Qui si tratta di un certo signor Rossi che è stato assolto dall’accusa di aver assassinato la moglie “per mancanza di prove”; lui non è disposto ad accettare questa sentenza, perché, anche di fronte agli occhi della figlia, vuole una assoluzione completa, cioè per non aver commesso il fatto.
Per questo interpella in via privata la nostra Penelope che, non senza esitazioni, inizia una indagine, coinvolgendo per aiuto alcuni ex colleghi poliziotti che ancora conservano una grande stima per lei.
Non potendo andar oltre col raccontare la trama, per non rovinare il sacrosanto diritto di un giallo alla suspense, ci rivolgiamo al personaggio di Penelope, creato da Carofiglio.

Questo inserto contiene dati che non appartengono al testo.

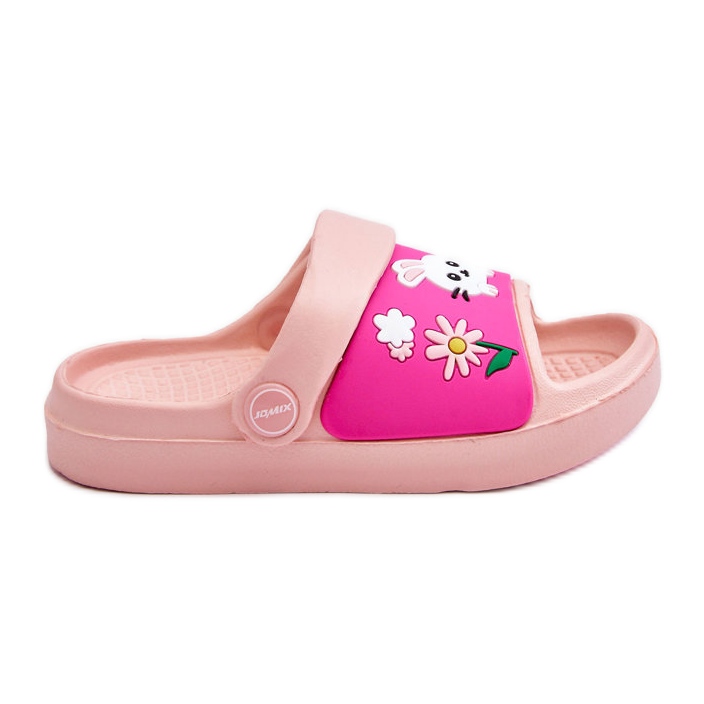 WJ1 Light Children's Sandals With Animal Motif Pink Rico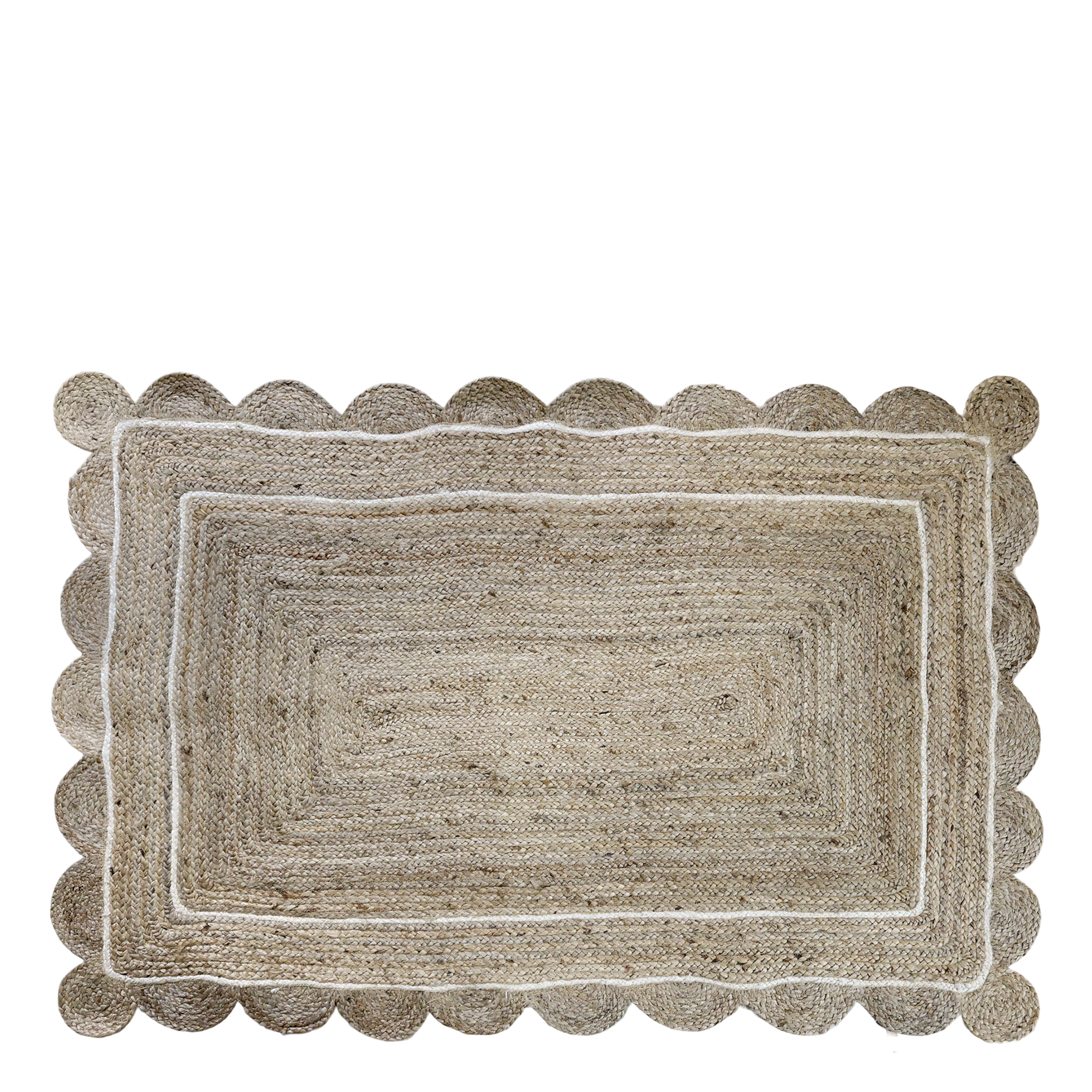 Rug in jute w. pattern L180/W120 cm nature
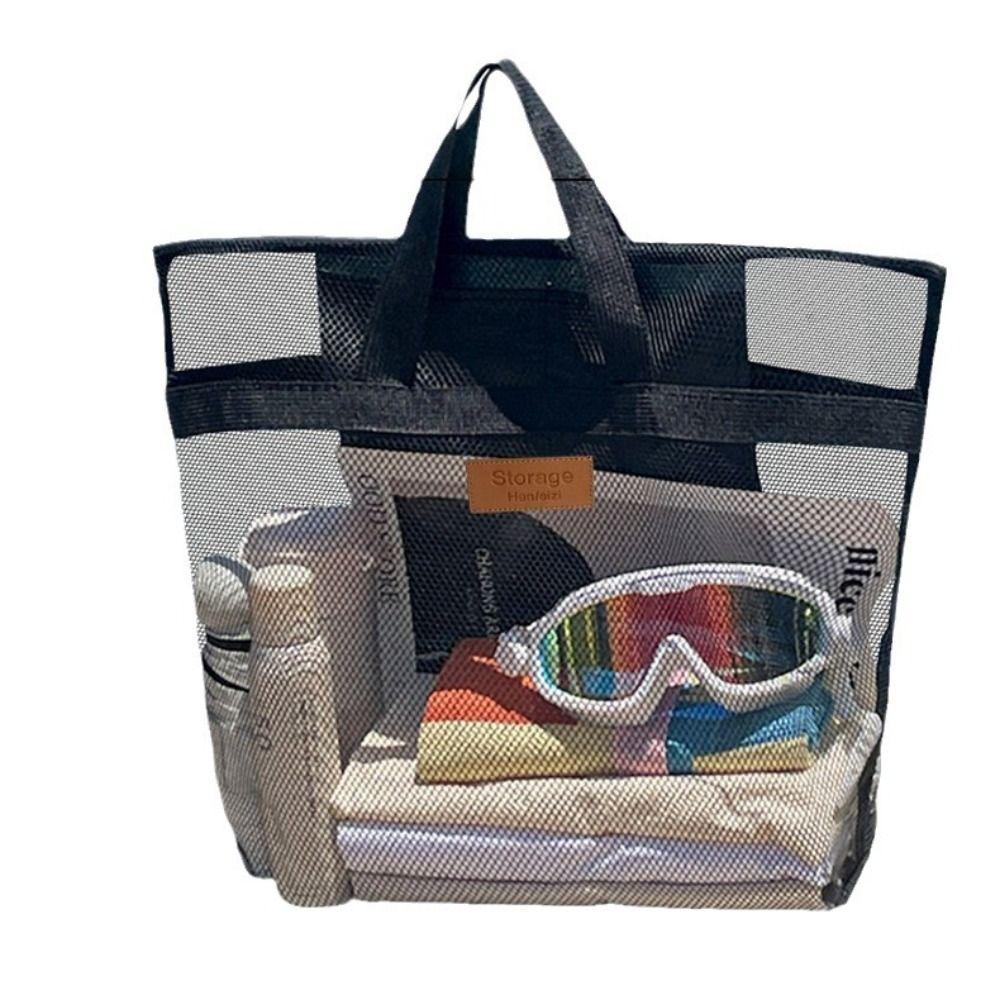 Large Capacity Beach Handbag Solid Color Travel Wash Bag Fashion Swimming Storage Pouch Outdoor Blue S
Large Capacity Beach Handbag Solid Color Travel Wash Bag Fashion Swimming Storage Pouch Outdoor Blue S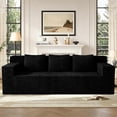 thumbnail image 1 of 71" Corduroy Boneless Loveseat Sofa, Modern 3-Seater Cloud Couch with Memory Foam & 3 Pillows, No Assembly Required, 1 of 9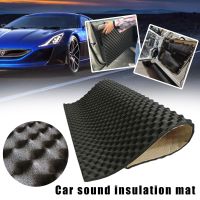 Auto Studio Sound Acoustic Absorption Car Heatproof Wave Foam Panel Car Soundproof Cotton Insulation Mat Car Sound Deadening Mat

C’è subito da dire che si tratta di un personaggio stereotipato, cioè che risponde ai soliti canoni degli investigatori, figure al limite fra legalità e crimine, stavolta in versione femminile. Single, sessualmente disinibita, fisicamente prestante, eccessi accurati nel bere e nel mangiare, Penelope è la ragazza che rinuncia ad attraversare la città in moto, usando invece i mezzi pubblici, per ripercorrere fisicamente il tragitto compiuto dalla vittima, cercando di immedesimarsi per cogliere quei particolari che possano risultare utili all’indagine.
Allo stereotipo appartiene anche l’immancabile fiuto psicologico, che porta l’investigatrice a leggere con attenzione e dare importanza a particolari che al lettore erano apparsi del tutto insignificanti.
Non manca poi la spregiudicatezza con cui la nostra Penelope infrange tutte le regole che un poliziotto dovrebbe osservare, compresi i rapporti con gli informatori.
Evidentemente una storia di questo genere e con queste caratteristiche, data in mano ad uno scrittore del calibro di Gianrico Carofiglio, ne fa risultare un romanzo di piacevole lettura, anche se non all’altezza di altre sue opere migliori.